Beyond the Berm.

We pulled into Salton City, picked up some provisions at the gas station across the highway, and headed to our hotel.  We decided that it would be best to get the rooms first and then do some exploring.  Only one of the rooms had a key with it, the owner said that the person who’d been looking after the place while he’d been gone for the summer had either taken the key with them or misplaced it.  I told Phil, who had three cameras and several electronic devices with him, to take the room with the key.  The hotel owner said that he was still sweeping out the sand from the most recent rash of storms.  We dropped off our things, and agreed to reconvene in about an hour.

The smell of the Salton Sea is a thing that I will never forget.  The sea is one of the most polluted bodies of water in America.  The vast majority of its inflow comes from the Rio Nuevo, and the Rio Nuevo has almost no natural flow… most of it is agricultural run off, municipal outflow, and industrial dumping.  It is the most polluted river in the United States in its size range.  Salinity has increased, as the run off from Imperial Valley farms is already salty and leeches more salt from the desert soil.  The agricultural pollution contains enough nutrients to cause large algae blooms, stripping oxygen from the water and increasing the severity of fish kills.  In 1999, the largest fish kill recorded at the Salton Sea brought 7.6 million dead fish to the beaches and left them there to rot in the sun.  The die offs, of both fish and birds, have continued to this day.  So the smell is one of decay; fish rotting, and a peculiar algal scent, along with the smell of the pollution itself, manure and chemicals.  The smell permeates the whole place… even on the edge of town furthest from the sea, the smell is thick and heavy.

Back below sea level, the temperature was around a hundred and ten degrees.  I greedily punched the buttons on the air conditioner until it was set at seventy degrees.  Back home, seventy degrees would be warm weather to me.
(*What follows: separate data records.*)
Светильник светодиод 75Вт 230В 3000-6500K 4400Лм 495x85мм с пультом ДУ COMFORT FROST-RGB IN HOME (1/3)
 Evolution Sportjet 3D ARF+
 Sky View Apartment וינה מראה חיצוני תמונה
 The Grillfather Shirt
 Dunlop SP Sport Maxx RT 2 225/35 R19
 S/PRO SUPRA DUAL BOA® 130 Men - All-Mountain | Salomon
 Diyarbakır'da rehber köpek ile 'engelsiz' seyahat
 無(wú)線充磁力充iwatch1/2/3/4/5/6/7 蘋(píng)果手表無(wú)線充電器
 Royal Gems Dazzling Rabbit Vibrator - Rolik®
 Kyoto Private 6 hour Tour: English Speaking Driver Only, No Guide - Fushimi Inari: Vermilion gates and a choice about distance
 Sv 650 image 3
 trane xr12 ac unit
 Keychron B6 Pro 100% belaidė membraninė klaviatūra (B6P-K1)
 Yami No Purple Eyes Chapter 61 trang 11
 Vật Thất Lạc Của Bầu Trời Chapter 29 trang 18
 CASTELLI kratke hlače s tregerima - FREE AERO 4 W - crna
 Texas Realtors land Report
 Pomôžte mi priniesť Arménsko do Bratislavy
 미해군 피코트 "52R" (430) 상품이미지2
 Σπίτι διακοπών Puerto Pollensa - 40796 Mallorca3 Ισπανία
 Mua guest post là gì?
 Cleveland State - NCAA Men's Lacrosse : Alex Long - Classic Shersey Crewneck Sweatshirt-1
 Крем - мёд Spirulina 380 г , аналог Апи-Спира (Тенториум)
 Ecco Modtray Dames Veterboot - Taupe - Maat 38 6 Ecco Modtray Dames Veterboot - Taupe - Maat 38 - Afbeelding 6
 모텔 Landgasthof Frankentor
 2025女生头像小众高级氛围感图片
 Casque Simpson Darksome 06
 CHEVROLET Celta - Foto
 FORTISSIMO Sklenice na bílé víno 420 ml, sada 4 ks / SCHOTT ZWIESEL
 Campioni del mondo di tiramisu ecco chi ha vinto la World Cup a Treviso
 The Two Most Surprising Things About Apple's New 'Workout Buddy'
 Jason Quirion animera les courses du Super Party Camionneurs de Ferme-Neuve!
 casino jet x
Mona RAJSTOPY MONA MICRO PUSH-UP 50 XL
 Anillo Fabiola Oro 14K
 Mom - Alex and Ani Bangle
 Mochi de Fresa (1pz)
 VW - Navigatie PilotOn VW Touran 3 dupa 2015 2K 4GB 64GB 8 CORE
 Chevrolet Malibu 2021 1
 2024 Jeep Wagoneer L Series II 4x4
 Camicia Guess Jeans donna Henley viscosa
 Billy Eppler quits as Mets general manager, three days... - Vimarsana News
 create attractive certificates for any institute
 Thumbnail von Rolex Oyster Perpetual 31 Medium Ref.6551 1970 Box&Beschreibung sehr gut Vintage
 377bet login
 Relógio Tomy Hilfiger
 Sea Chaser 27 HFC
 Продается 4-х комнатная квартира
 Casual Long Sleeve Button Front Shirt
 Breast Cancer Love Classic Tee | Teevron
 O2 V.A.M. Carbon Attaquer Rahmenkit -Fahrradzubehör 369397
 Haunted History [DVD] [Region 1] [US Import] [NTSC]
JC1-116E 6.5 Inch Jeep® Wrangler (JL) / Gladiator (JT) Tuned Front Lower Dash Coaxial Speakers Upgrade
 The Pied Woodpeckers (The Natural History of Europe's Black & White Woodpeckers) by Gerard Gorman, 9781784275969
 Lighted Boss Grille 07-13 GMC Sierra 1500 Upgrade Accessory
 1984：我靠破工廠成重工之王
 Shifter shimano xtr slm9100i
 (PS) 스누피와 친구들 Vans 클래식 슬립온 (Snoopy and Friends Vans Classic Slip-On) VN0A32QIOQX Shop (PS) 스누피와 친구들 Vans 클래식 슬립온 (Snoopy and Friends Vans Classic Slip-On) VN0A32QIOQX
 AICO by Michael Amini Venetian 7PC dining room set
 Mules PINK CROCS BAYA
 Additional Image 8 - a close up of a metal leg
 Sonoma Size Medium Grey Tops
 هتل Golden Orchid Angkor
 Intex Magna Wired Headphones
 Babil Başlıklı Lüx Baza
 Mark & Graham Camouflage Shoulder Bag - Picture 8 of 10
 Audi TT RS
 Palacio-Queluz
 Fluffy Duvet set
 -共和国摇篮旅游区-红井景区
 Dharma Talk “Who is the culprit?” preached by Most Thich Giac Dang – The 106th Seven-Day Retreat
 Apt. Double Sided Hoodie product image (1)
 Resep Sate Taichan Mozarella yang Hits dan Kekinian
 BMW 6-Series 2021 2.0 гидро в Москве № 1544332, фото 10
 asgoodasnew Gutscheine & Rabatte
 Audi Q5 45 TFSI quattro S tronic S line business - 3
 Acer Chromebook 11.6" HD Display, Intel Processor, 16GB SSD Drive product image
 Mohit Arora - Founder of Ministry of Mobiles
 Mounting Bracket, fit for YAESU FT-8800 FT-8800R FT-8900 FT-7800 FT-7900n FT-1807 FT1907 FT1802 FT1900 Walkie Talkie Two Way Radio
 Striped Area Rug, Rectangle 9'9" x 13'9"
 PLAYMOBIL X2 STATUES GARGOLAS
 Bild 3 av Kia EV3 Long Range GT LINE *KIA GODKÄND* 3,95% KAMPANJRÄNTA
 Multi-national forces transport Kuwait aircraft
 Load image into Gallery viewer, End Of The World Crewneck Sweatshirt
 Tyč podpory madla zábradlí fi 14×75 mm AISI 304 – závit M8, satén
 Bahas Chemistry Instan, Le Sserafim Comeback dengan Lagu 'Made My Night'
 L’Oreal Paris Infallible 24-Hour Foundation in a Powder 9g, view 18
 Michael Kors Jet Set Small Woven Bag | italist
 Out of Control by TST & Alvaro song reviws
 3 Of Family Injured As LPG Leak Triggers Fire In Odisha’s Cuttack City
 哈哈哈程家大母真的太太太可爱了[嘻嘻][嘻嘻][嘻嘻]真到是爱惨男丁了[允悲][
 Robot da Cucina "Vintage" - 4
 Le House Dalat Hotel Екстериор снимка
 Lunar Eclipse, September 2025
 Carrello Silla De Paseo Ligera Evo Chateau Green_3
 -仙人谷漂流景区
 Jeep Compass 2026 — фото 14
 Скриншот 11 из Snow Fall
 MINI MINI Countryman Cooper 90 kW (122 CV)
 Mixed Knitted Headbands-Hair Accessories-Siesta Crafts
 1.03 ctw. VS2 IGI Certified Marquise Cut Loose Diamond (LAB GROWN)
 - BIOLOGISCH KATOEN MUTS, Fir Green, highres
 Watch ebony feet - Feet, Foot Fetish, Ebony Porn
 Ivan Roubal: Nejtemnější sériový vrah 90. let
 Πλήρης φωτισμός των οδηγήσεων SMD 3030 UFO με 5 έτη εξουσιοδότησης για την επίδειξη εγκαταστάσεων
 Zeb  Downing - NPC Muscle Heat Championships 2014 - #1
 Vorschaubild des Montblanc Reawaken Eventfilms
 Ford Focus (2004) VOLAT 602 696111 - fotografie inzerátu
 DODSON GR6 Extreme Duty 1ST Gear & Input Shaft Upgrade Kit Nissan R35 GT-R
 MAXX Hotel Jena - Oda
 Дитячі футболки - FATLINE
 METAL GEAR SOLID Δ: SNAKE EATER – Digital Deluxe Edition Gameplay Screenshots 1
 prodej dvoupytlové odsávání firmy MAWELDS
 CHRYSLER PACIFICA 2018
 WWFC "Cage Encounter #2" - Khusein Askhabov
I had a shower; I had hoped for a cool shower, but the water that came out of the taps, all of them, was as warm as bathwater no matter how far toward the “C” I turned the handle.  There were tiny bars of soap in the bathrooms, but no shampoo.  I washed myself a few times, and didn’t even bother getting my hair wet.  The only thing worse than leaving it filthy and greasy would’ve been trying to wash the mess with bar soap and ending up with a dry, sticky, tangled mess.

After I was cleaned up and dressed, I went over to Phil’s room and we made a plan for the evening.  It was around four o’clock at that point, so we only had a few hours until the sun was down.  We got in the car and drove to the eastern shore, to Bombay Beach.

Bombay Beach, population just under three hundred, has had to contend with the fluctuating water levels of the Salton Sea.  Though the sea is relatively stable now, there was a period of flooding after the sea’s creation that resulted in many coastal communities being flooded.  Bombay Beach has dealt with this by abandoning the flooded portion of town and building a ten foot tall earthen berm to protect the rest of the town.  We parked near this berm and walked right up it, as the wooden steps built into its side were now missing enough steps to make them impassable.

On the other side of the berm was a flat plain of mud, some six or seven feet higher than the town itself.  We walked along the mud… it was about a ten or twelve foot abrupt drop to the actual sea on the other side.  After five minutes of walking, we came upon the town’s old boat launch, now useless due to the town having walled itself off from the water.  The grooved concrete sloped down into water that was a brownish pink, clotted and skinned over at the shallowest parts with algae.  This, undoubtedly, was the worst smelling place we had been, or would be, on this trip.  The smell was so strong that it stung the eyes and bade the throat to close.

Further on was the buried town, small houses and old trailers now three-quarters buried in mud from the sea.  Old telephone poles stood sentinel, trailing old wires in the wind.  It was a strange and silent place… a place of death, the carcass of a community.

About a half-mile down the beach, the exhalations of this place overwhelmed me.  I had been breathing rather heavily for some time, but I had attributed that to hiking in the still over a hundred degree heat.  Now, though, each breath came with more and more difficulty, and soon I was experiencing what felt like an asthma attack, even though I hadn’t had one for over a decade.  I walked slowly and determinedly back to the car.  I slipped in some of the silty mud, and when it got on my foot, it felt hot and made my skin tingle.

I got in the Chrysler and started the engine.  I was red-faced and my skin was dripping with sweat.  I let the air conditioning run and took measured breaths and sipped water.

Phil joined me just a little later.  We sat in the shade of the berm and looked at some of the photos he had come away with.  Beautiful, beautiful.  A couple of girls turned up in sundresses and flip flops with big digital cameras and asked us how it was.  We told them that it was brutal, but utterly worth it, and suggested a rethinking of footwear.

We sat there, exhausted and ragged and soaked with sweat, with the sun starting to set.  We had more of the sea to photograph; we had rested long enough and it was time to move on.